Wie wendet man eine Trennung ab?
Wenn man die Chance nutzen will, dann muss man ganz klare Abmachungen haben: Hat man noch einen Schlüssel für die Wohnung des anderen oder nicht? Sind Spontanbesuche möglich? Liegen Beziehungen ausserhalb der Ehe drin? So sind die Erfolgschancen grösser, denn man meidet Missverständnisse, die sich sonst im Alltag aufbauen. Und man muss sich auf ganz einfache Sachen konzentrieren: Schläft man besser oder schlechter, wenn man alleine schläft. Das ist unglaublich wesentlich.
Und wenn das Projekt scheitert?
Dann fällt eine Trennung leichter. In bestimmten Zeiten sieht man nur noch schwarz und weiss, im Alltag meist nur schwarz. Bei einer räumlichen Trennung sieht man differenzierter. Man erkennt, dass eine Beziehung keine verlorene Zeit war. Man ist dankbar für das, was man hatte, aber man erkennt auch, dass das Leben jetzt anders aussieht und man andere Prioritäten hat.
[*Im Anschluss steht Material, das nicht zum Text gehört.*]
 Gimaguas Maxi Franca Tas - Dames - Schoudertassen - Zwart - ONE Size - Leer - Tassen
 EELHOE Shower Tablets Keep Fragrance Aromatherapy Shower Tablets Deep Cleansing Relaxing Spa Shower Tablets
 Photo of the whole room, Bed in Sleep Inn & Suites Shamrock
Die Beziehung ist Teil der Persönlichkeit, Teil des Lebens. Und es geht auch nicht darum, wer Schuld ist.
Stimmt es, dass immer mehr Paare ihre Beziehung mit getrennten Wohnungen retten wollen?
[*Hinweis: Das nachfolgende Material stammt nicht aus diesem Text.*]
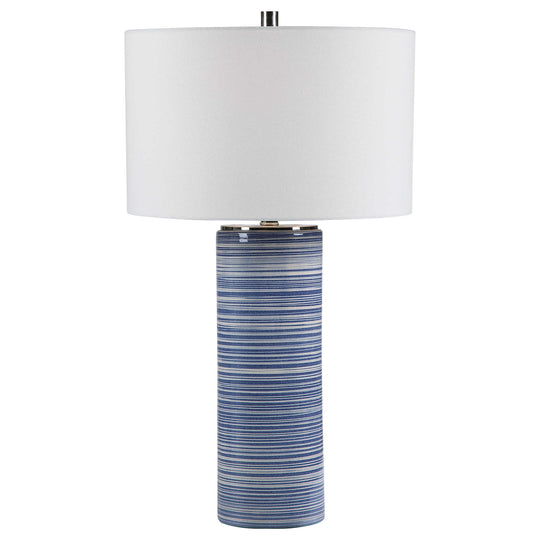 American Home Furniture Uttermost Montauk Striped Table Lamp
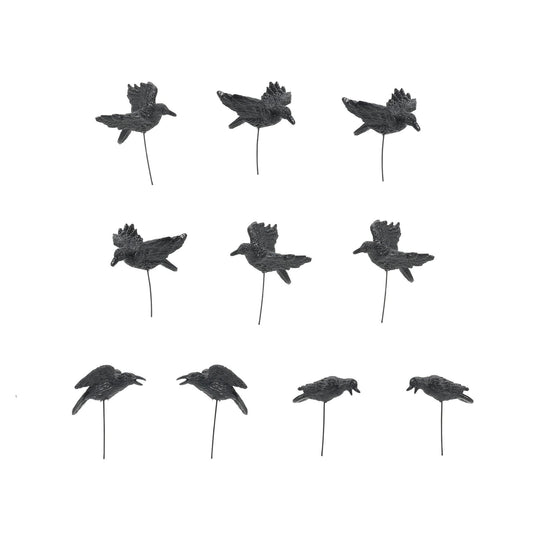 Set of 10 Halloween Crows | Department 56
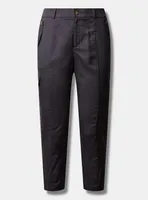 Relaxed Taper Studio Linen High Rise Cargo Pant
Der Eindruck täuscht. Das hat es schon immer gegeben, es wurde einfach nicht an die grosse Glocke gehängt. Aber es handelt sich um ein schichtspezifisches Phänomen. Denn es ist auch eine finanzielle Frage. Die meisten Paare können sich das gar nicht leisten, deshalb empfehle ich es auch nicht. In der Oberschicht redet man nicht darüber. Aber wenn man offen kommuniziert - so wie im Fall von Simonetta Sommaruga - gibt es keine Gerüchte. Und so ist es klar, dass auch eine Bundesrätin nicht davor gefeit ist, die eigene Beziehung immer wieder mal neu zu definieren.